Nick Cox replied:
> The argument for logit is correct in principle, but over
> the range from 0.14 to 0.15 logit of a proportion is as near
> linear as is needed for almost all practical purposes.
> In fact, forget the "almost". This really is a detail
> compared with others.
>
> If you are going to transform, note that Stata has a -logit()-
> function. I prefer to do it by -glm-:
Good catch: forgot to mention that. I note that by fitting
> . glm index year, link(logit)
and getting
> year | -.006451 .0013616 -4.74 0.000 -.0091197 -.0037822
> --------------------------------------------------------------------------
it matches the intepretation I gave after fitting -reg, eform()-, although
it's not an exact match as the two models are not identical:
. reg logindex year, eform(OR)
[...]
year | .9935576 .0013462 -4.77 0.001 .990458 .9966668
----------------------------------------------------------------------------
. display .9935576-1
-.0064424
The advantage of -glm-, of course, is that you can get there in one
without any faffing about with logit transformations, so I second Nick's
recommendation of it. However, I'm pretty sure that -glm- does suffer
(slightly) in comparison to -reg- as far as postestimation commands are
concerned. But, then, so do most other regression routines.
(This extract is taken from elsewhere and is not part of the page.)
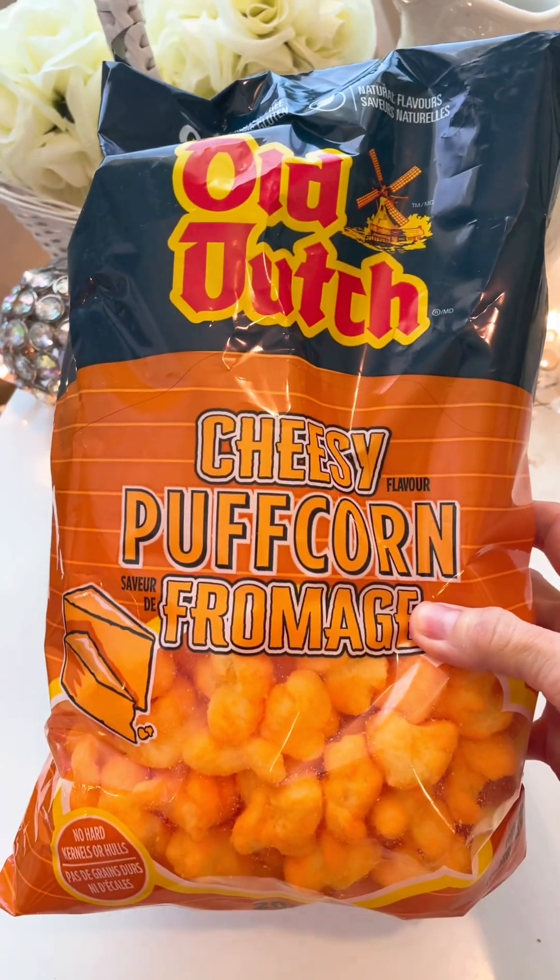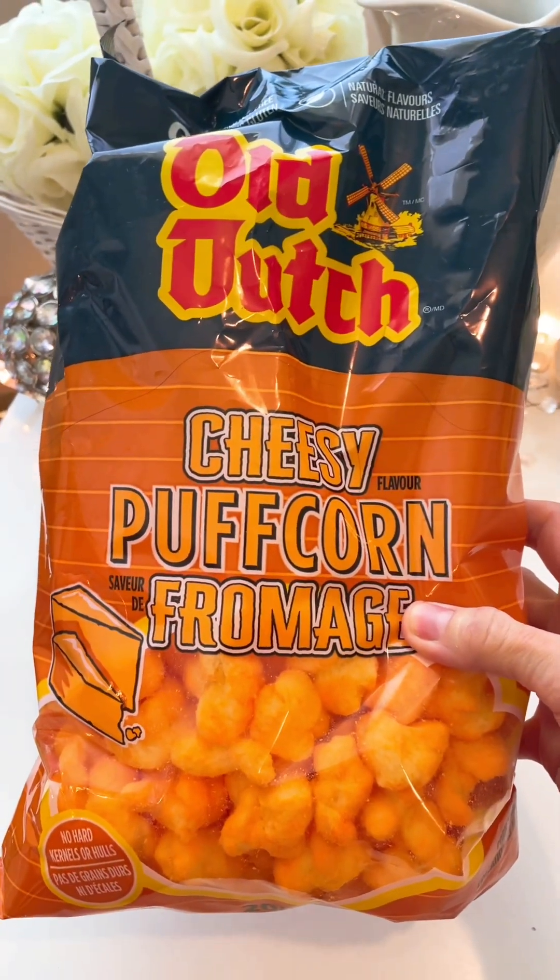Let's try these Old Dutch Cheesy Puff Corn from our bestie Shannon. So the Old Dutch salted puff corn — the regular puff corn — is not new, but this is new and I have heard such good things, so I am so excited to try it. Basically, puff corn is like popcorn that just melts in your mouth, and it's like clusters. The regular one is really good — let's try the cheesy.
> Yoking Herfindahl and Hirschman is not appropriate here
> as their measures differ. Herfindahl's measure, or its
> complement, is also known as the Gini index (one of several),
> heterozygosity, Simpson's index, etc.
I blame another Cox (1997: 29) for that. No relation, I trust.
CLIVE NICHOLAS |t: 0(044)7903 397793
Politics |e: [email protected]
Newcastle University |http://www.ncl.ac.uk/geps
Reference
Cox GJ (1997) MAKING VOTES COUNT: STRATEGIC COORDINATION IN THE WORLD'S
ELECTORAL SYSTEMS, Cambridge: Cambridge University Press.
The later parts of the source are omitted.